Look at it this way: when you leave the house or flat, you don’t leave the windows open and the door unlocked. But if you leave your Wi-Fi network unsecured, that’s not dissimilar to what you’re doing – you’re inviting anyone in to come and have a poke round your computers.
Of course, the reality is that it’s unlikely that someone will try to break into one of your devices, but it’s not impossible and for the sake of entering a short password a few times, I’d rather have peace of mind.
What about public hotspots?
Public Wi-Fi hotspots don’t usually require you to enter a password when you connect to them. And that’s the whole point, right? It’s meant to be quick and easy to log on while you’re out and about. But that means they are also unsecured, and as such it’s worth bearing that in mind as you surf. Someone on the same network could get access to your computer, for example:
Again, it seems the likelihood of a hacker getting in your computer in this way is pretty remote, but the potential for that happening is there. Public hotspots are great, and by all means use them, but it’s best if you make sure that that you have an adequate firewall and anti-virus software installed to minimize the risk.

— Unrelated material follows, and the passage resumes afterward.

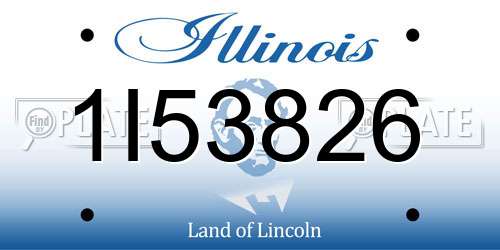 1I53826 Illinois License Plate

Secure your home wireless network
You can reduce the chance of any of these problems occurring at home by securing and encrypting your network. This is easy to do and just takes a moment to set up.
There are two common types of encryption used: Wi-FI protected access (WPA) and a much older method called wireless equivalent privacy (WEP).
WPA is far superior to WEP encryption, making it much harder for your data to be accessed without authorisation. However, some older devices are not compatible with WPA encryption. In those cases, use WEP – it’s considerably weaker than WPA, but weaker protection is better than none.
Whichever encryption method you choose, setup is simple. Some broadband providers offer software which enables you to control security, but even if they don’t you can go into your router settings using the IP address listed in the router manual – usually these start 192.168 and are followed by either a 0 or 1 and a number between 1 and 255.
From there, you can change your settings and secure your wireless network.